Nenad pejic among others has been at the forefront in expressing inaccurate and biased commentary to the delight of anti-Serb bigots.

Holbrooke was one miserable creep. An excellent piece on that fraud:

http://www.counterpunch.org/johnstone12152010.html

by: Zoran from: Montenegro
December 21, 2010 15:01
I am surprised that the author of this text has been blinded by the 10 year old stereotypes of Mr Milosevic's dictatory regime. In fact the subject is the throuth about atrocities commited to Serbs and the revelation of the dirty aliances with crime groups and teroris organizations made by leading Western countries. The author want to tell us that the goal justifies the means and that humanity prinipals do not apply to everyone, even if men have been butchered as pigs so their freash meat (a.k.a. organs) could be sold on the black market.. There is question of moralilty in this article that needs to be addressed very serioulsly.

by: Vito from: Milan
December 21, 2010 15:29
"If Thaci is responsible for even some of the crimes outlined in Marty’s report, he should be brought to justice. But this should not change our perception of Kosovo, just as our perception of Croatia has not changed because former Prime Minister Ivo Sanader has been indicted for corruption and abuse of power" ---- This is the most idiotic comparison I have ever heard of, and I am 52 year old. Compering charges of Sanader's corruption with allegations of trafficking human organs (among all other charges against Thaci) ????? And you (RFE) allowed this article to be published. Unbelievable.
In Response

by: Sergej from: Eastern Europe
December 21, 2010 20:18
Vito I noticed the same thing you quoted, it is ridicules. I can't believe they published this trash.
In Response

by: steven from: london
December 22, 2010 12:20
Perhaps you both had problems understanding this because English is not your native language. She's not comparing their crimes. She's saying that in neither case should crimes by leaders be allowed to affect the European (or in fact simple recognition) ambitions of the countries they ruled.

In other words, just because Thaci is a vampire mob boss, Kosovo still deserves independence from Serbian racist rule.
In Response

by: Truth Serum
December 22, 2010 18:42
Albanian nationalists are far more "racist" than Serbs.

Just compare Albanian dominated Kosovo with the rest of Serbia.
In Response

by: Truth Serum
December 23, 2010 05:00
Sic Transit Holbrooke
http://grayfalcon.blogspot.com/2010/12/sic-transit-holbrooke.html
In Response

by: Vito from: Milan
December 24, 2010 01:54
Steven, just read to yourself what you just wrote !!!! I did understand her point, however I think you did not. Mr. Thaci had been a key figure in Kosovo's political, military and civilian life during the Kosovo war, he still is a key man in Kosovo. Now with all this allegations (including the organs trafficking) compering him with Hitler might be an appropriate think to do ... Looks like English IS your native language, unfortunately you don't understand you own language, but that is a matter of something else ... do not want to name it (it would probable offend you).

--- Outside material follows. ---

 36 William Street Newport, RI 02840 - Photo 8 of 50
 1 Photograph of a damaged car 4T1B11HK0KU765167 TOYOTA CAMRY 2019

by: Bozana from: Gracanica, Kosovo, Serbia
December 21, 2010 15:29
Ms. Knezevic are you an apologist for Albanians or something?? What kind of an writer tries to minimize the significance of organ trafficking of human beings, including women and children?? It would be good if your editors (if they are the least bit objective) look at other articles you've written to see if they are also so biased against Serbians. I feel disgusted after reading your article.
In Response

by: Truth Serum
December 22, 2010 19:26
The above article meshes in well with RFE/RL's ongoing propaganda on such matters.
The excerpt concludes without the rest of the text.